At root, though Akerfeldt hasn’t written a bad song in his career, it is his band that makes his songs shine, and the richness and depth of talents of these players is what allows him to so fully realize his wider musical visions. These sonic elements have always been in Opeth’s music from the very beginning; it is only these days, with these players, that Akerfeldt seems to feel safe pursuing fully his influences. Deep Purple, Rainbow, early Judas Priest and classic prog have always been major influences on Opeth, and he’s always been open about this. It is only now that they seem to be able to richly evoke those moods and sounds.
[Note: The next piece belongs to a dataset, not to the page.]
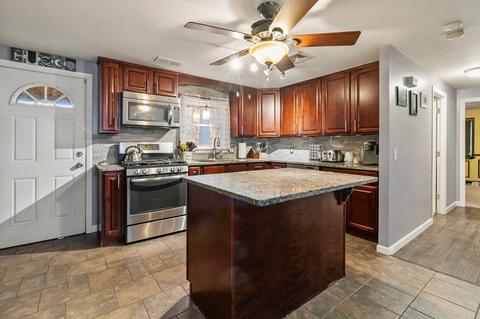 136 Pine Acre Rd, Springfield, MA 01129 photo 9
Opeth has always been fixated on creating a kind of melancholic rotten beauty, a gothic romanticism of mire and black magic and grotesquery. It may have thrown fans off when they sought to embrace this romanticism more directly, but it was ultimately the engine that drove even their metallic segments. What makes Sorceress work so well is that they have finally fully recaptured the mastery of moodiness necessary to evoke rotten beauty in their new solely-prog modality. Songs such as “Chrysalis,” “Era” and especially album-highlight “Strange Brew” are swirling, moody, dark and heavy prog rock songs that use mood and its necessary evolutions to guide what otherwise might come across as unrelated riffs and melodies, allowing Opeth to once more indulge in their rangy and virtuosic creative side without sounding lost and confused like Heritage and portions of Pale Communion sometimes did. Ultimately, Sorceress stands up with their very best, a peer to Still Life, Blackwater Park and Ghost Reveries.